Posts Tagged 'white'

How To Frost Sugar Cookies – Classic Royal Icing

Hokay so. I just cannot get over the cuteness of these cookies. I would take these to market. I was super nervous about decorating them, but luckily, the real cookie-decorating pros like Bridget over at Bake At 350 know what they are doing. Girl is a marvel.

If I can do this, you can do this. I think I made a couple mistakes along the way, but I will point them out to you, and then you will be even better, deal? Deal.

 

Royal icing is basically egg whites and sugar beaten together–a cinch. Bridget uses meringue powder because you can get a more consistent result not worrying about how large your eggs are or getting a bit of yolk in your whites that will cause them to remain flat, lifeless and useless except for supposedly heart-healthy lunch omelets. For more on how to give your egg whites life to the full, please read this post.

The key to a great royal icing is to beat them just right. That is, you shouldn’t beat them too much, as I did. It led to problems.

Once beaten, you can separate your icing into bowls and color it however you want. Once colored, you can put it into a pastry bag with a piping tip as I did, or put it into those cool little squeeze bottles, of which I wish I was the proud owner. They’re durn useful in unicorn sugar cookie situations.

But wait! There’s more!

In addition to your stiff royal icing, you need to make what is called flood icing. I divided my recipe in half and made half of the stiff stuff into the thinner flood icing. I did this by stirring in one teaspoon of water at a time until the frosting was the consistency of syrup. If you lift a little out of the mixing bowl and let it fall, the icing should take about 2-3 seconds to reabsorb into the rest of the icing. Kinda tricky, but there has to be a bit of leeway if I got it on the first try. You can put your flood icing into a piping bag, but I think in this case, a squeeze bottle would definitely work better.

So now you are ready to frost your unicorn cookies and bring smiles to the faces of women at baby showers everywhere. Begin by piping an outline of your cookie with the stiff royal icing. You hafta make it all the way around with no breaks in the icing. Mine had a break on the right side that I had to go back and fill in. Also, if you want to stick anything into the icing like the little dragees I used on the tip of the horn, make sure to stick them in right away. I was working with about four cookies at a time, but I did press in a dragee after piping each one.

And see how this icing looks a bit strung out and pitted? Yeah, that is because I over-beat it. It could also possibly be that my icing technique is less than super quality, but I’d like to think that is not true.

Then, you fill in the piped outline with flood icing. The flood icing should not be thin enough that it flows into the corners by itself. You kind of have to maneuver it around with a toothpick to get it into all the corners. (In my case, I used the end of a metal skewer that I found in the back of a drawer.

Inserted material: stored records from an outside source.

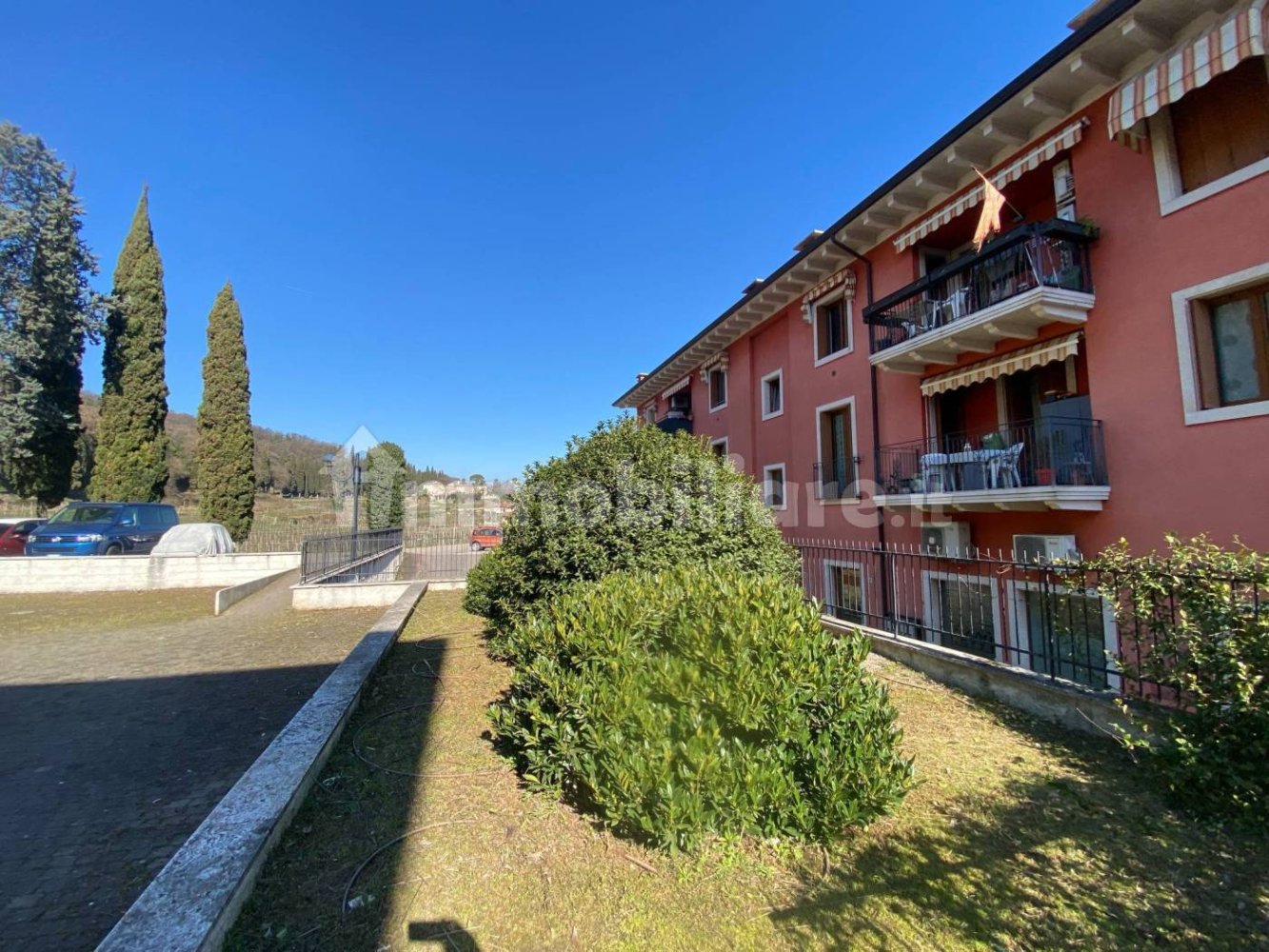 2 bedrooms Apartment in Lavagno, Italy No. 216768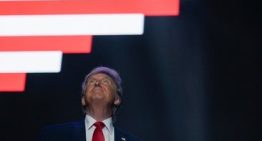 Trump agita la amenaza del comunismo para movilizar a su electorado ante las elecciones
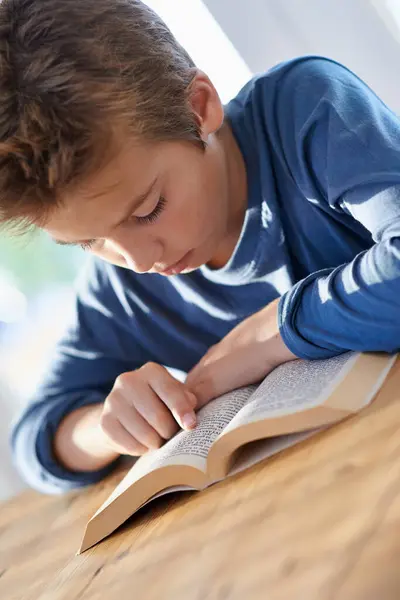 少年と子供は 子供の発達 成長のために学ぶ宿題のための教科書を読んでいます Homeschool 試験やテストや学校のプロジェクトの修正とノートと研究 — ストック写真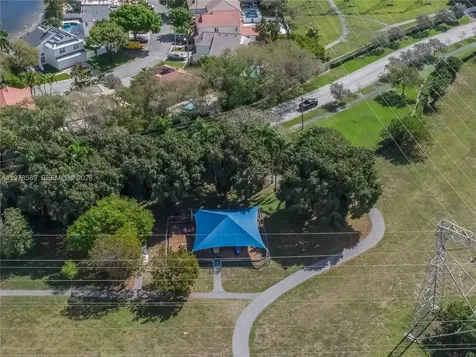 5297 SW 34th Way Hollywood FL 33312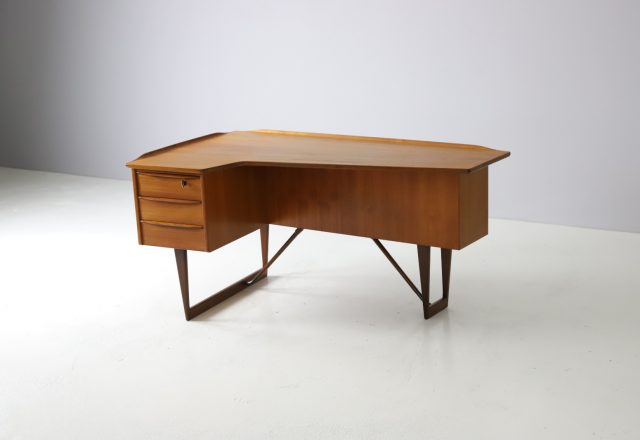 Peter Løvig Nielsen vintage teak boomerang desk for Hedensted Møbelfabrik Denmark 1956 Mid century Danish design writing desk 1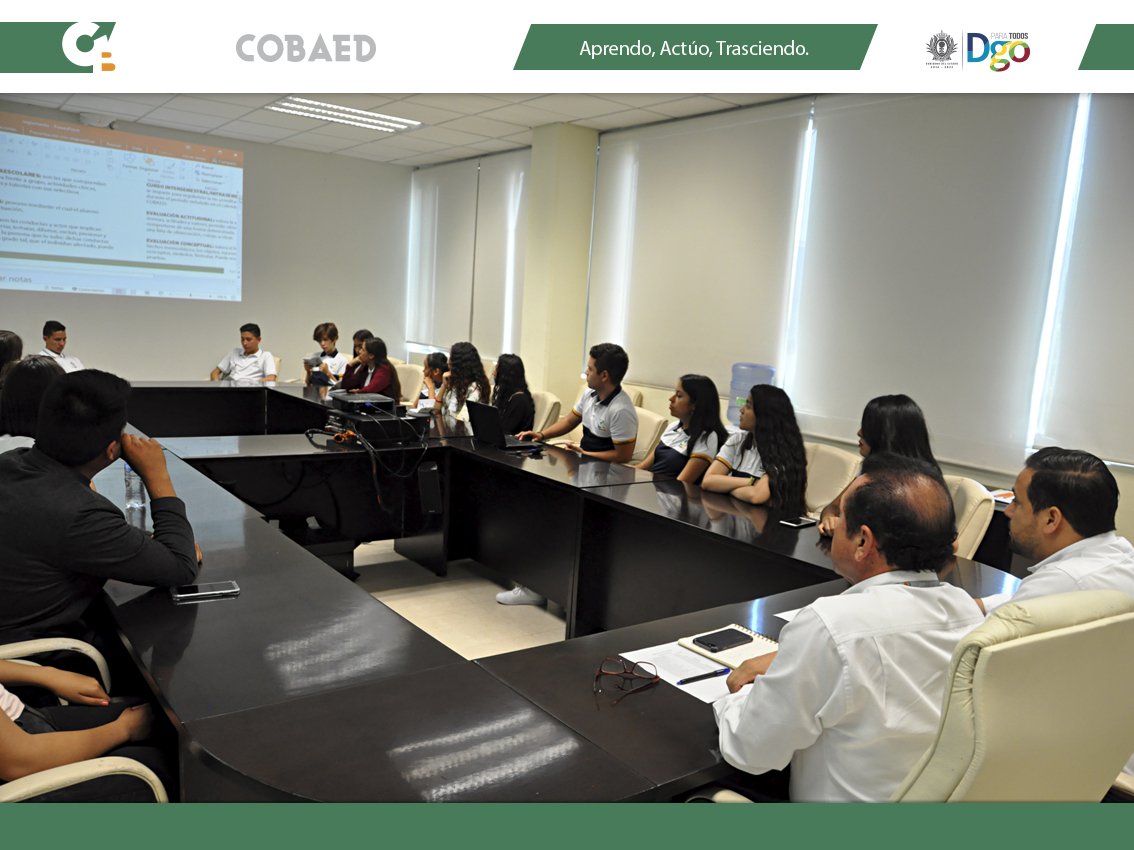 COBAEDoficial's tweet photo. #COBAED convocó a estudiantes de planteles, para hacer una revisión del Reglamento de Estudiantes, rumbo al inicio del ciclo 2019 B. El #DirectorGeneral @Bonifacioamigo aseguró que este ejercicio se hace para fomentar la inclusión y la comunicación efectiva institucional. https://t.co/f65mMy83AP
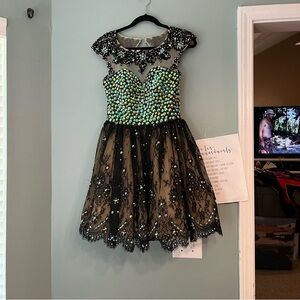Angela & Alison Black and Green Embellished Mini Dress size 6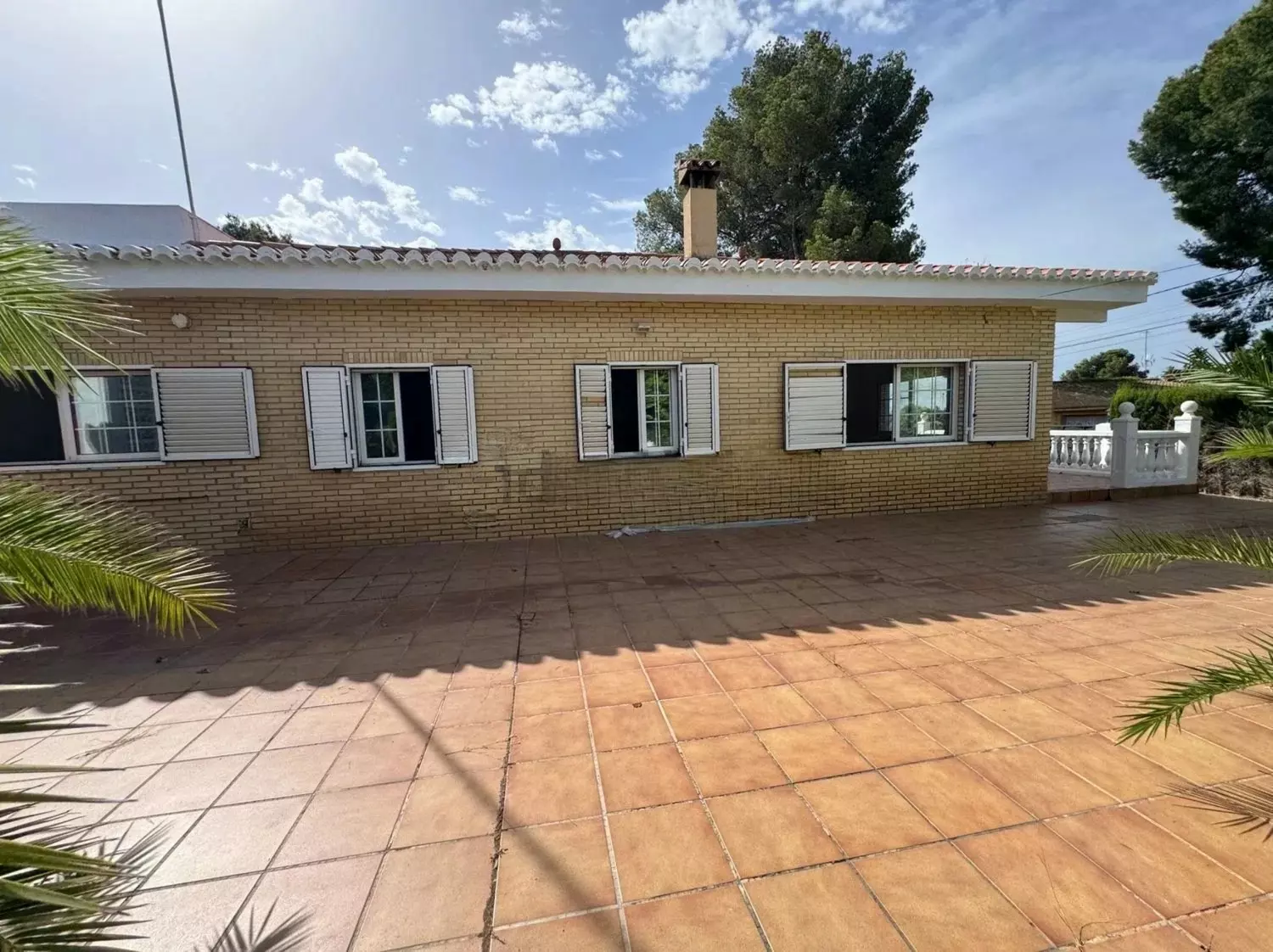 Private Mediterranean Villa With Pool And 905 M² Corner Plot Near Valencia (spain)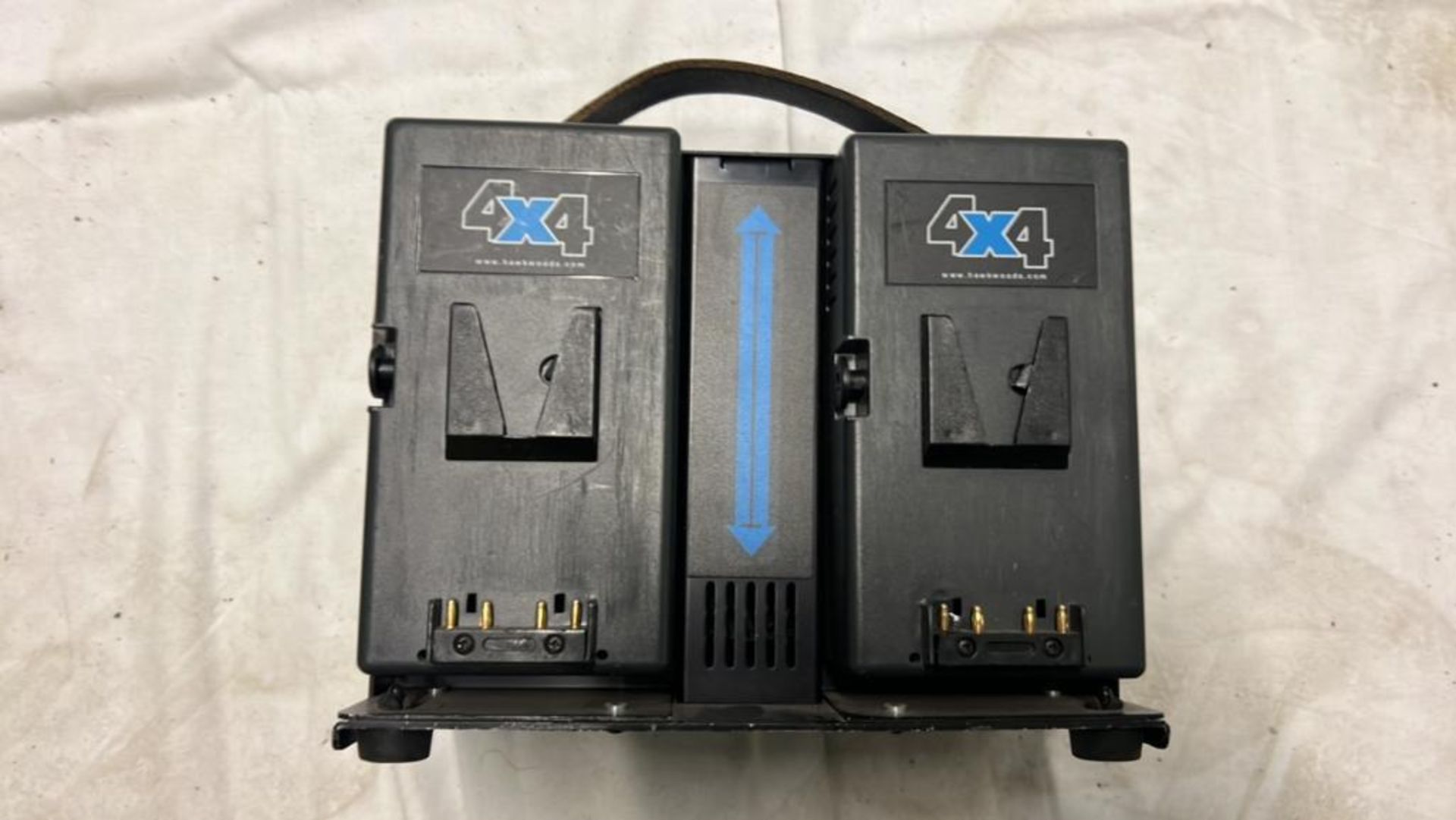 (2) Hawk-Woods VL Battery Chargers Hawk-Woods VL-4X4 V-Lock Charger and Hawk Woods 2X2 V-Lock Charge - Image 6 of 8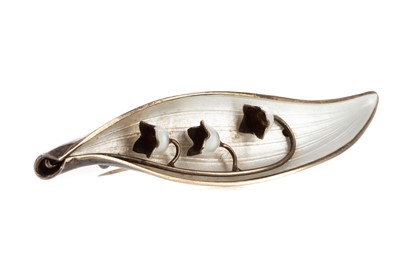 Lot 509 - A NORWEGIAN ENAMELLED BROOCH BY ARNE NORDLIE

It was sufficient, if not perfectly kosher.)

In retrospect, I should have doubled the frosting recipe. I frosted around 36 cookies and this batch of frosting was just enough–not a lotta room for mistakes.

Saweeto! Once the base frosting was dry, I gave the unicorns a purple royal icing swirl for a mane and used an edible marker to make little eyes.

You want to wait a good few hours or overnight before packaging the cookies so the frosting doesn’t mess up. I was worried that they would dry out, but I found out that royal icing is like sparkly lip gloss. It looks pretty, and it provides a moisture seal so the cookies don’t dry out as quickly as an unfrosted cookie. Yeah? :]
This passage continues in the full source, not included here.